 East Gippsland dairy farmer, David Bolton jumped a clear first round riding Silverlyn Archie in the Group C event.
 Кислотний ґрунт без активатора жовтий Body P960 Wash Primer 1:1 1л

____________

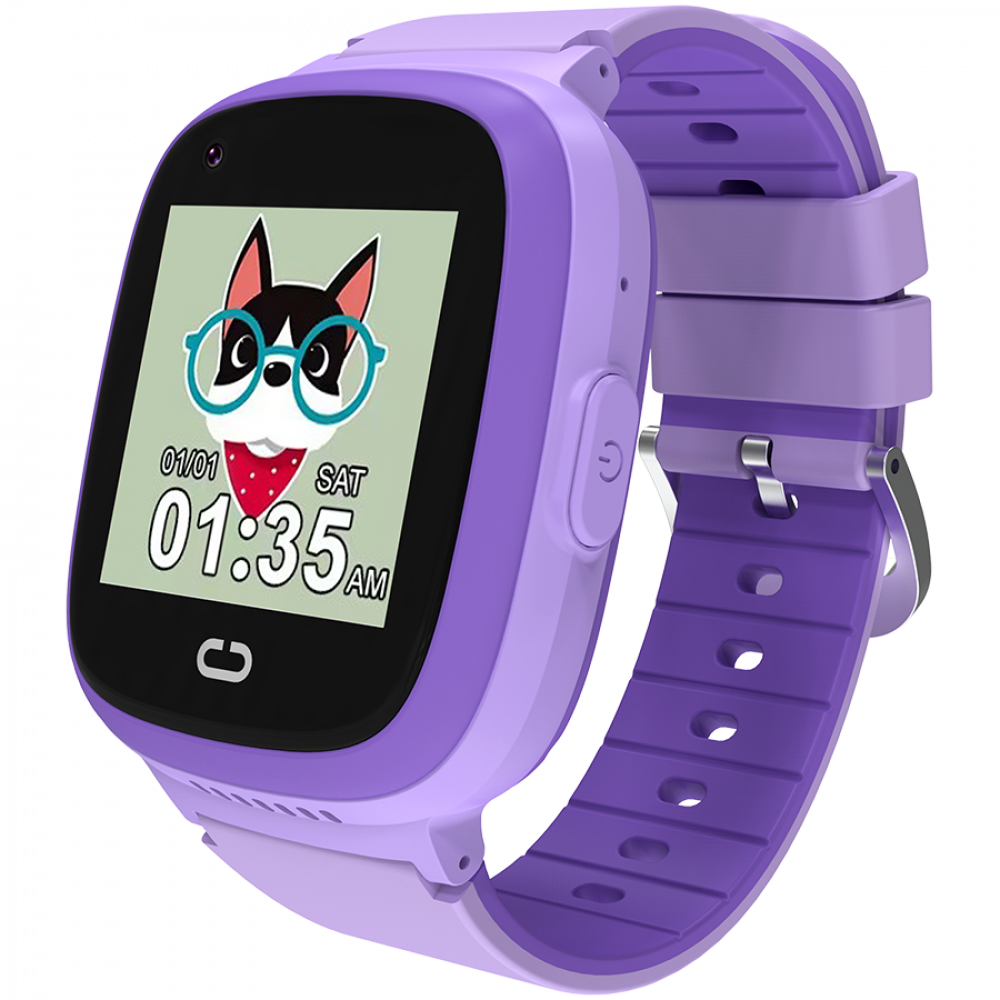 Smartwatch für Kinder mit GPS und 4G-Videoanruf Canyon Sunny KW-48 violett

____________

--- Work required ---
In the records above, find the line with "East Gippsland dairy"; write out exactly that line and each one after it, stopping after the line with "Кислотний ґрунт без".

--- Solution for this task ---
 East Gippsland dairy farmer, David Bolton jumped a clear first round riding Silverlyn Archie in the Group C event.
 Кислотний ґрунт без активатора жовтий Body P960 Wash Primer 1:1 1л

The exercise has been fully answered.